### Work order
Transcribe the listing that follows in full, omitting pictures.

### Supplied information
========================================

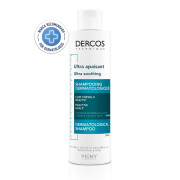 Vichy Dercos Ultra Calmante Cabellos Secos 200ml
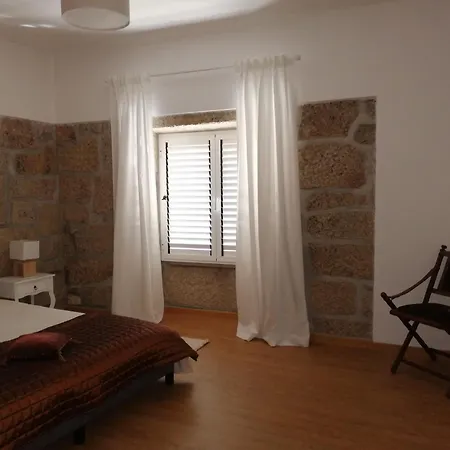 Villa Casa Do Sobrado Byalta *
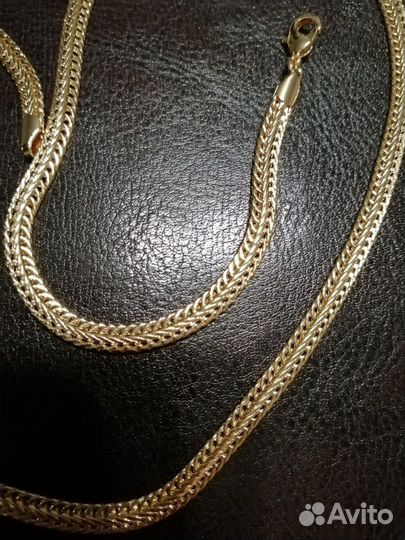 Цепь + браслет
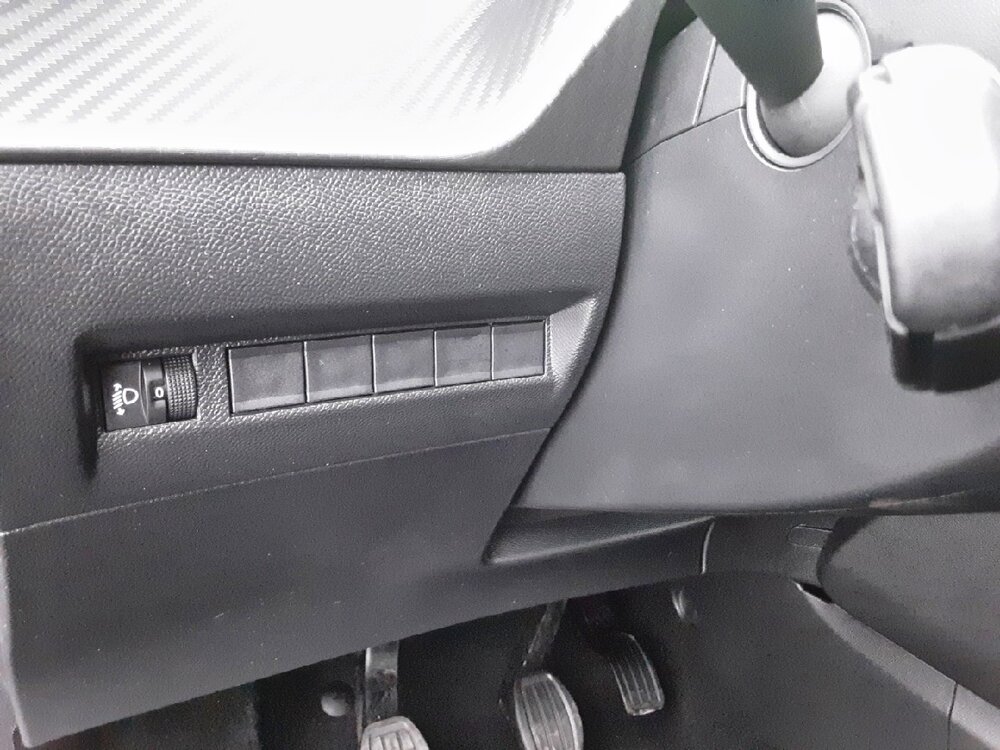 Occasion PEUGEOT 208 208 PureTech 75 S&S BVM5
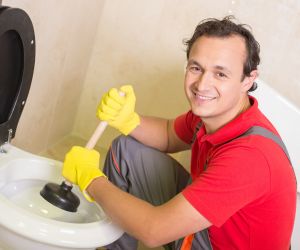 Why Choose The Faucet Pros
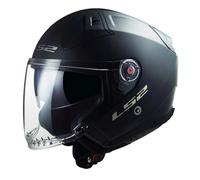 Ls2 Casque Jet Of603 Infinity Ii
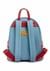 Loungefly Childs Play Chucky Cosplay Mini Backpack Alt 2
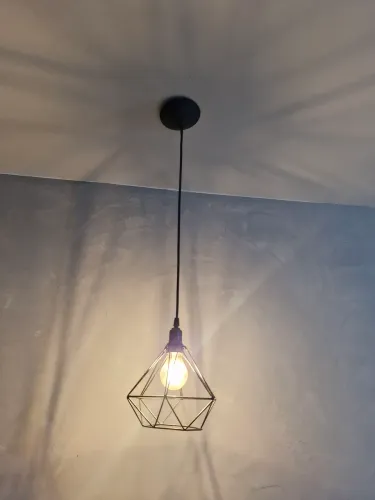 Luminária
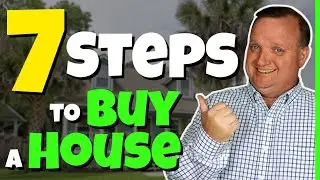 7 Steps to Buy a House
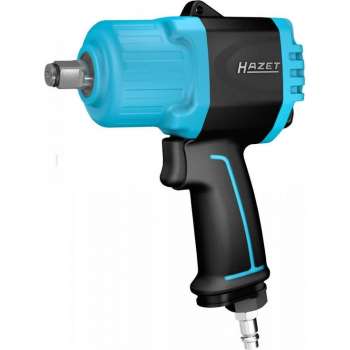 Hazet 9012TT Slagmoersleutel 1/2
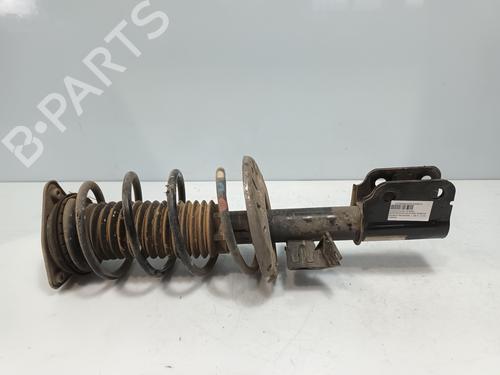 Used Right front shock absorber PEUGEOT 308 II (LB_, LP_, LW_, LH_, L3_) [2013-2021]  29718528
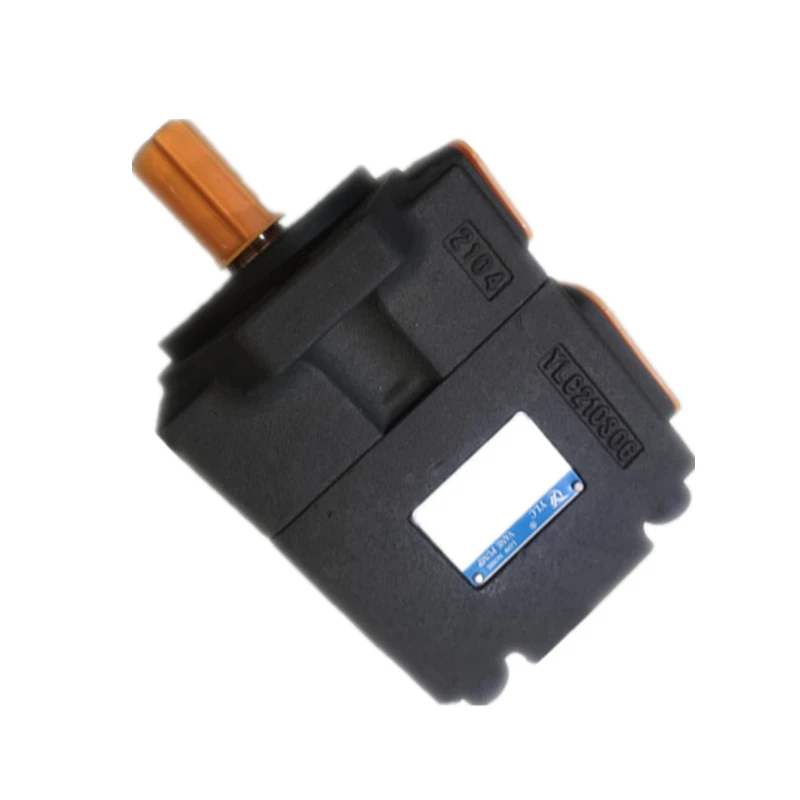 Гидравлический насос серии YLC PV2R PV2R1-6F1 PV2R1-4F1 PV2R1-8F1 гидравлический лопастной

========================================

### Solution to this exercise
 Vichy Dercos Ultra Calmante Cabellos Secos 200ml
 Villa Casa Do Sobrado Byalta *
 Цепь + браслет
 Occasion PEUGEOT 208 208 PureTech 75 S&S BVM5
 Why Choose The Faucet Pros
 Ls2 Casque Jet Of603 Infinity Ii
 Loungefly Childs Play Chucky Cosplay Mini Backpack Alt 2
 Luminária
 7 Steps to Buy a House
 Hazet 9012TT Slagmoersleutel 1/2
 Used Right front shock absorber PEUGEOT 308 II (LB_, LP_, LW_, LH_, L3_) [2013-2021]  29718528
 Гидравлический насос серии YLC PV2R PV2R1-6F1 PV2R1-4F1 PV2R1-8F1 гидравлический лопастной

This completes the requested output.